William Willamon, former Dean of the Divinity School at Duke University and United Methodist bishop, notes: “the most disturbing quality of the baby Jesus, the mystery of his advent that scandalizes even as it inexorably beckons, is the vulnerability of his incarnation. Nothing is so helpless,
so dependent, so fragile, so frail, as a baby.” Williamon goes on to note he “knows of no other religion so bold as to admit to the possibility of its God appearing in so vulnerable a form.” He believes it is scandalous for God to meet us as a baby, threatening our human desire for an aloof, Platonic deity who lives in the realm of the abstract, self-contained ideal, rather than in the stable out back, wrapped in swaddling clothes and lying in a manger. (“Unto Us a Child” from On a Wild and Windy Mountain.)
God incarnate as a baby, growing into youth and adulthood, also contradicts our expectations of a savior. How could a baby overthrow the corrupt Roman rule or impoverished conditions of the first century? Our human constructs have always been flawed, and too often we abdicate our responsibility to resolve our own problems and instead hope for divine intervention. It is hard to accept that Jesus did not come to fulfill our expectations. Perhaps it is because we have wanted too much from God and expected too little of ourselves.
God’s crossing the divide between divine and human existence represents God’s willingness to be in every part of our messy material world and no longer be confined to the realm of transcendent mystery. The incarnation is invested in restoring the dignity and worth of every mortal created by God, and restoring our eternal relationship with God. These are tasks beyond our individual capabilities and, thank God, God intercedes.
Jesus came to go about God’s business by teaching inclusion, love of neighbor and serving the lost, least and lonely; human and divine work. Jesus was incarnate as a baby to be a part of our complete human existence, to live in our bodily form, grow within our tradition, and thrive in a family, showcasing God’s approval. From this birth through childhood, Jesus shares our experience and shows us how to create a new future.
God came down at Christmas. God has gifted us with the spirit of Christ in our current lives to continue Christ’s work. We have choices to make about our future in serving God.
Kenilworth Union stands on a solid foundation, but we are at a point of departure with Andrew’s tenure closing and 2013 ushering in an interim period.
We can rely upon our history, confident of God’s calling the universal church into being, to comfort, minister and guide us in faith as Christ’s body on earth. God called this particular church into being in this community, called each of us into membership and service. We have a promise before us as a church that God will be with us shaping our future through Don Dempsey’s experience and wisdom as an interim leader, our collective commitment to discern new paths, and our patience for God to work in God’s time.

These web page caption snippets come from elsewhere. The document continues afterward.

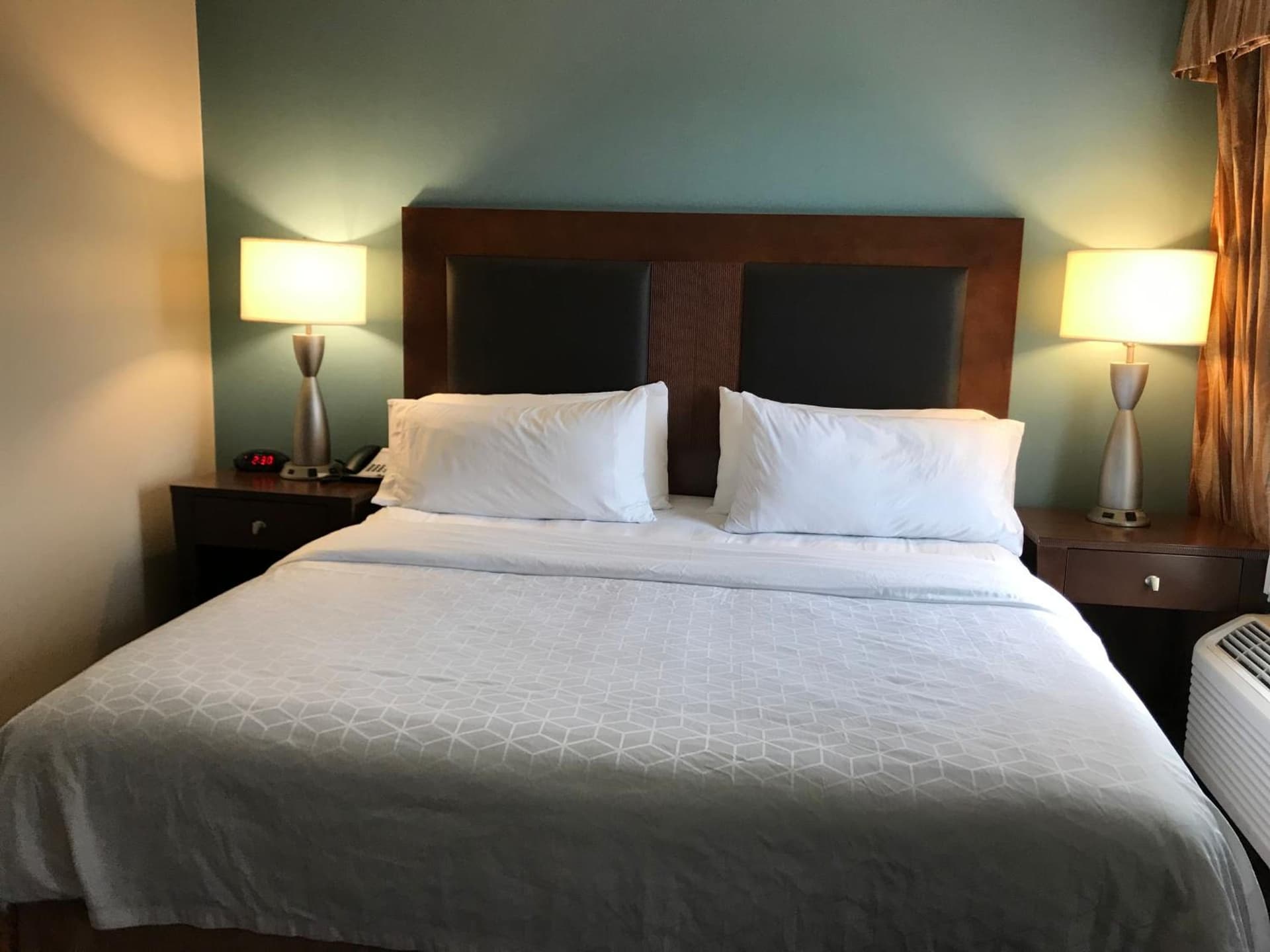 Holiday Inn Express and Suites St. Cloud by IHG gallery photo in Saint Cloud, MN — image 15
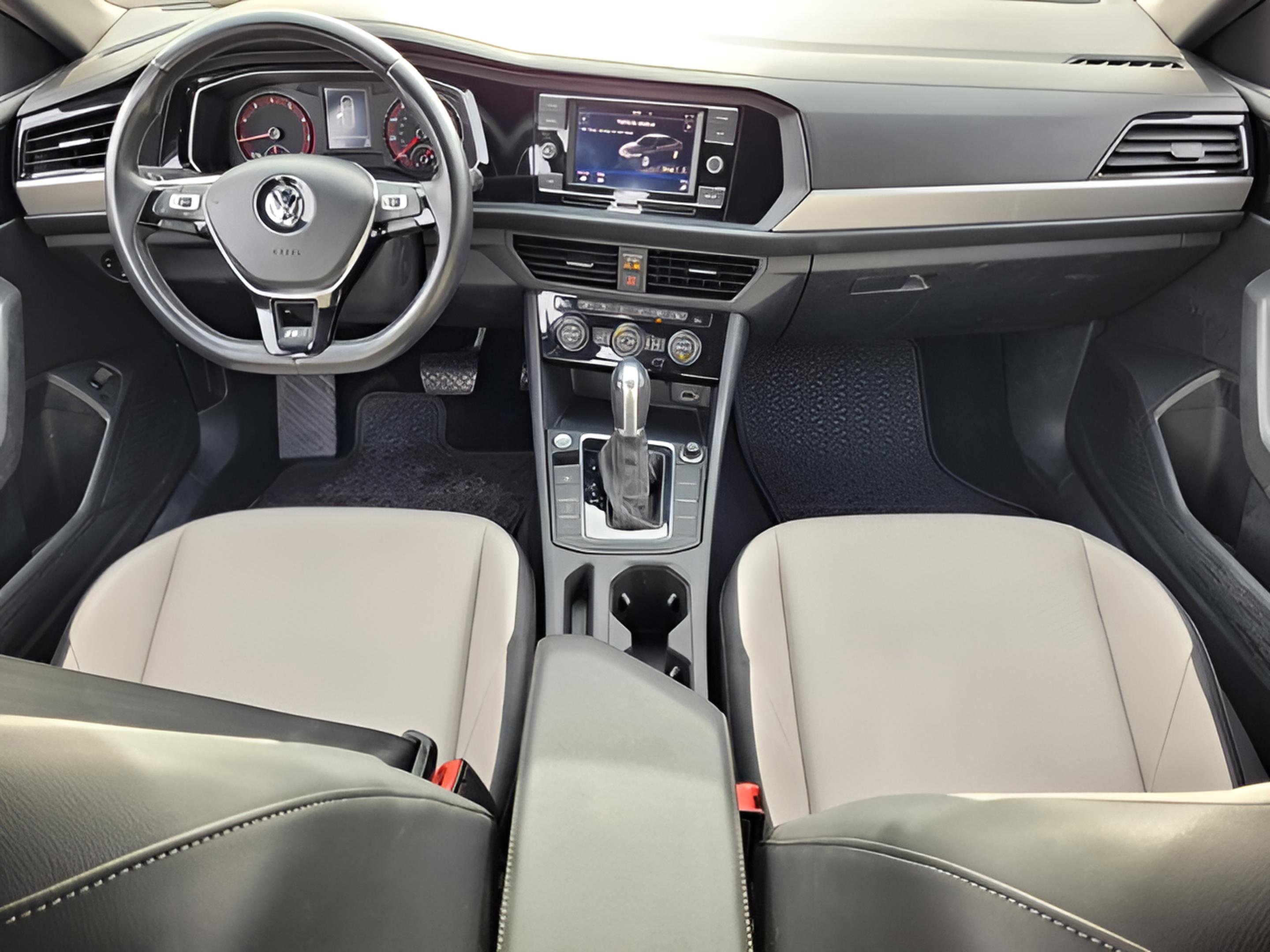 Used 2019 Volkswagen Jetta R-Line image 15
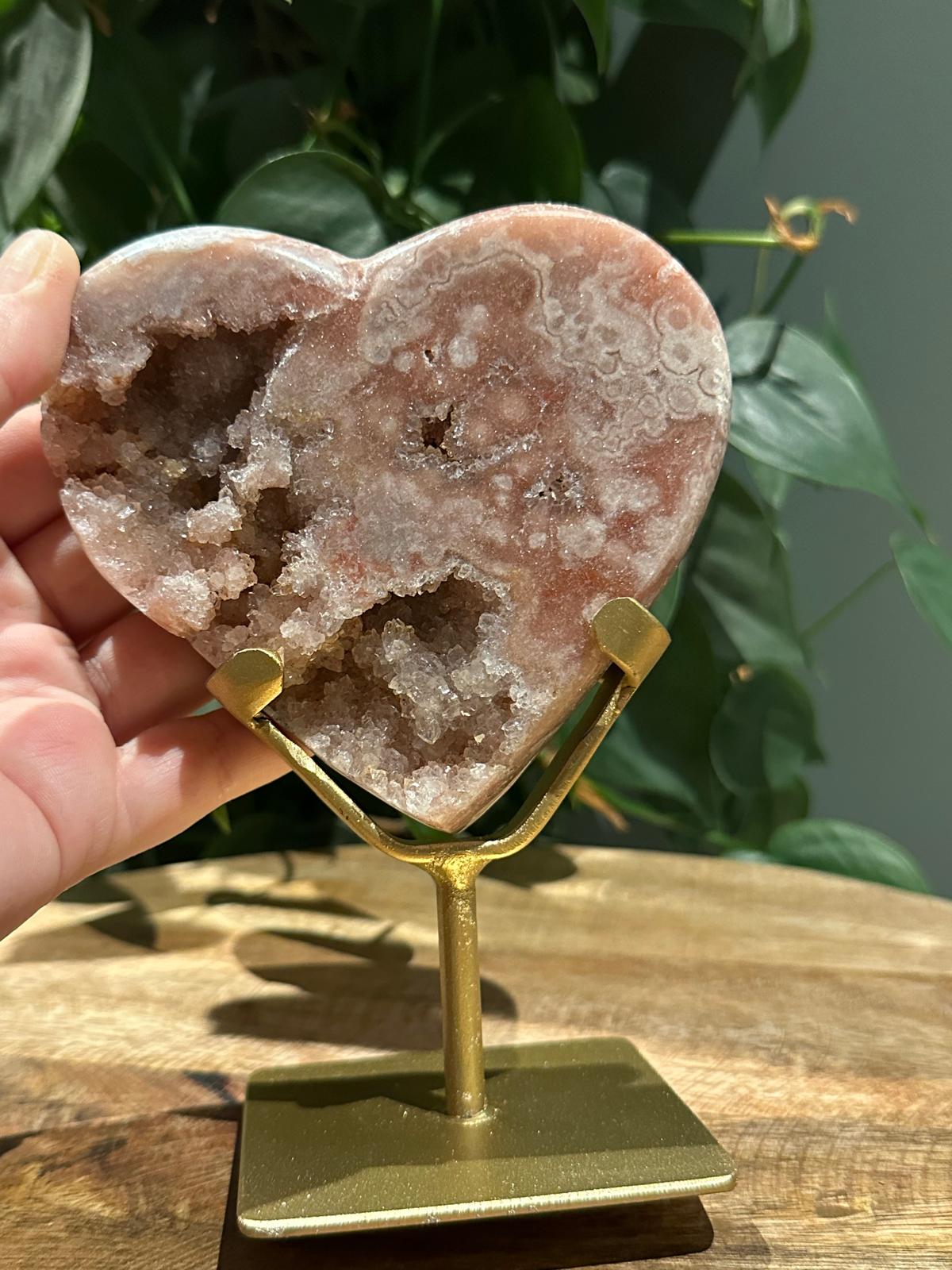 Roze Amethist Hart op Standaard #32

We have many similarities to Mary and Joseph. They had a large and growing family, traditions to maintain, and lived in a culture that was not supportive of their faith. What we can learn from Mary and Joseph is to not dwell exclusively on what we want but to be open to God moving among us and taking us into the unexpected. We can learn to lean into the world of new relationships, welcome strangers, take bold risks, and go about the business of being a church. As Mary, we can treasure in our hearts God’s love for us is so great, God came to meet us, just as we are.